At the European Summer University in Digital Humanities 2016 I was luck to be able to attend some sessions on Stylometry run by Maciej Eder. In his historical review he mentioned people like Valla and Mendenhall, but also mentioned a fellow Pole, Wincenty Lutoslawksi whose book The origin and growth of Plato’s logic; with an account of Plato’s style and of the chronology of his writings (1897) is the first to use the term “stylometry”. Lutoslawski develops a Theory of Stylometry and reviewed “500 peculiarities of Plato’s style” as part of his work on Plato’s logic. The nice thing is that the book is available through the Internet Archive.
Eder has a nice page about the work he and ogthers in the Computational Stylistics Group are doing. In the workshop sessions I was able to attend he showed us how to set up and run his “stylo” package (PDF) that provides a simple user interface over R for doing stylometry.
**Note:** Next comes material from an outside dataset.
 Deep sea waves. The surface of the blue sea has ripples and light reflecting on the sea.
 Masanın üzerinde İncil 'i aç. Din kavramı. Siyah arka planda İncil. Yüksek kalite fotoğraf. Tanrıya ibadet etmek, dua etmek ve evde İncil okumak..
He also showed us how to then use Gephi for network visualization.
Information is Beautiful has a great interactive on World’s Biggest Data Breaches & Hacks. The interactive shows how data breaches are getting worse, but it also lets you look at different types of breaches.
ProPublica has a great op-ed about Making Algorithms Accountable. The story starts from a decision from the Wisconsin Supreme Court on computer-generated risk (of recidivism) scores. The scores used in Wisconsin come from Northpointe who provide the scores as a service based on a proprietary alogorithm that seems biased against blacks and not that accurate. The story highlights the lack of any legislation regarding algorithms that can affect our lives.
Update: ProPublica has responded to a Northpointe critique of their findings.